一方、上りホームの3・4番線は駅構造の関係で昇降式ホーム柵を設置できないことから、通常のホームドアを車両から離して設置することでドア位置の違いに関係なく乗降を可能としました。このような理由によって、鶴橋駅は上下線で異なるタイプのホームドアが採用されているのです。

2 ホームドアの仕様

線路側から見た1ユニット分のホーム柵
原則としてメインポストとサブポストが交互に配置

同駅で採用された昇降式ホーム柵は、大阪阿部野橋駅や阪神の神戸三宮駅で実績のある「支柱固定型」と呼ばれるタイプです。ロープを昇降する駆動機構を内蔵したメインポストと、ロープのたわみを抑えるサブポストの組み合わせで1ユニットが構成されています。同駅のホーム有効長は10両分ですが、大阪線における10両編成の運行は2024年3月のダイヤ改正で廃止されたため、2番線側は8両分のみの設置となりました。

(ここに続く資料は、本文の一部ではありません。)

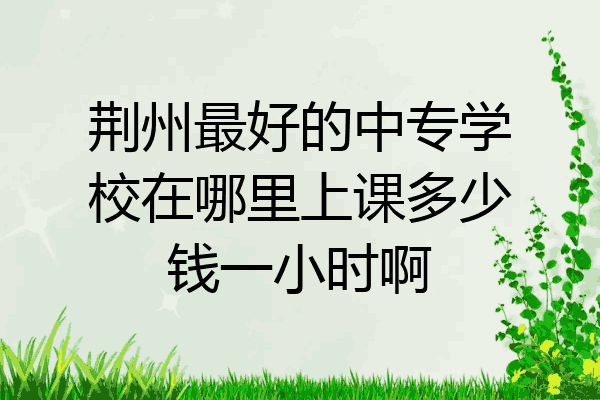 荆州最好的中专学校在哪里上课多少钱一小时啊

ロープは軽量かつ引張力に強いカーボンストランド製です。阿部野橋駅タイプや他社の昇降式ホーム柵はロープに赤色や黄色の警戒色を多用しているのに対して、本タイプは最低限の黄色部分を除いて[1]2番線における先行運用当初は黄色も使われておらず、のちに追加された。無彩色のコントラストを利用することにより、駅空間との調和と機能性の両立を図っています。

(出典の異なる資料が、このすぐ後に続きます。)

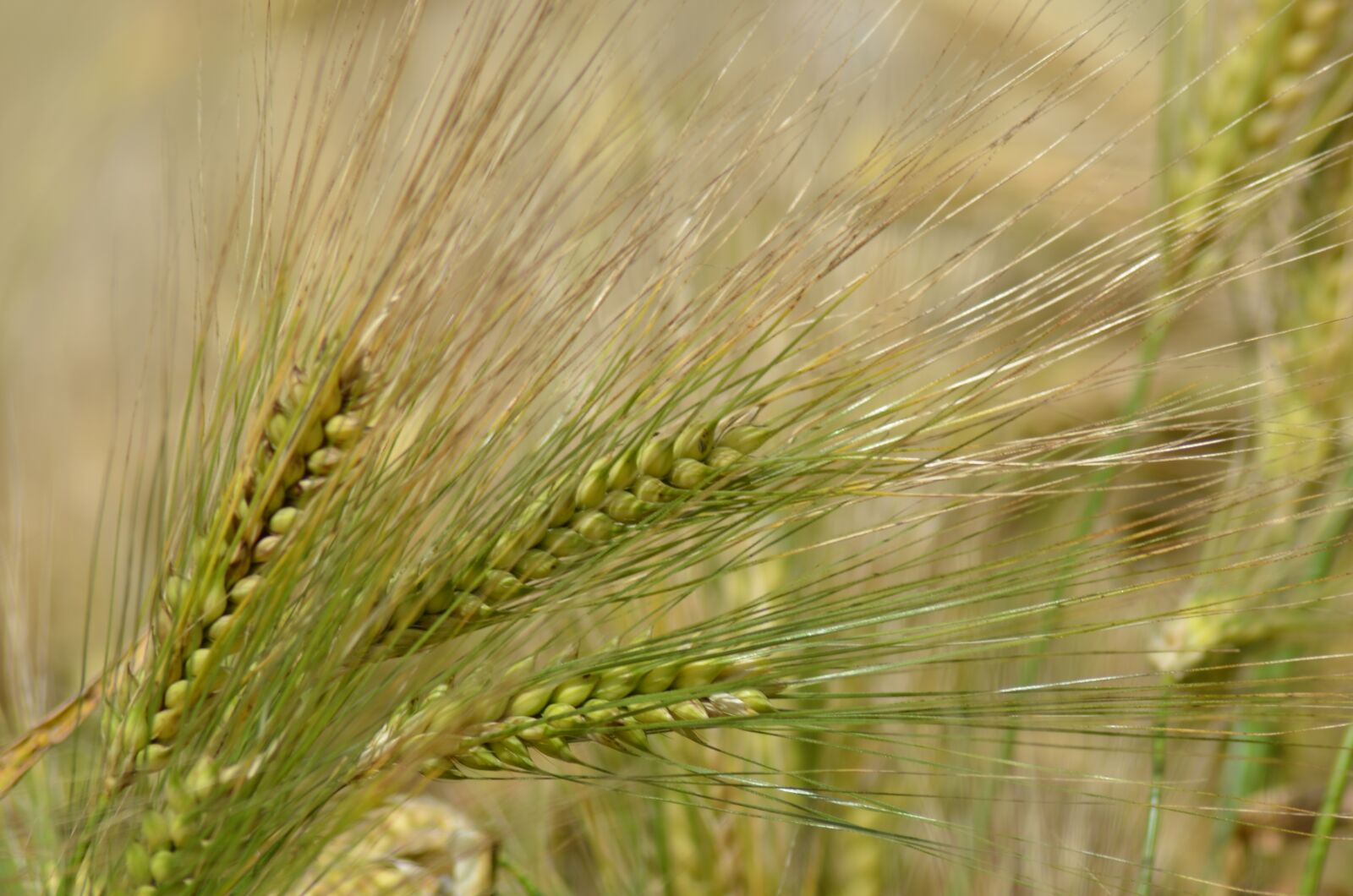 Nikon D5100 sample photo. Barley, cereal, agriculture photography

なお、阿部野橋駅タイプは8本のロープが等間隔に配置されていたのに対して、本タイプは上下2本ずつを隣接させ、上は白色、下は黄色のカバーでまとめることにより実質1本としています。この仕様変更によって、下部隙間(ロープ最下部~ホーム床面)が阿部野橋駅タイプよりも広がり、防護性の面ではやや劣っています。

ホーム側から見たメインポスト
ホーム側から見たサブポスト
線路側から見たメインポスト
線路側から見たサブポスト
サブポスト上部の2Dセンサ
足元に設けられた注意書き

筐体(ポスト)はグレーとブラックを基調としたシックなデザインで、ポスト同士を繋ぐ梁(ダクト)との一体感を高めたY字状の造形が特徴。ケーブル類をダクト内に収納することで景観の向上にも寄与しています。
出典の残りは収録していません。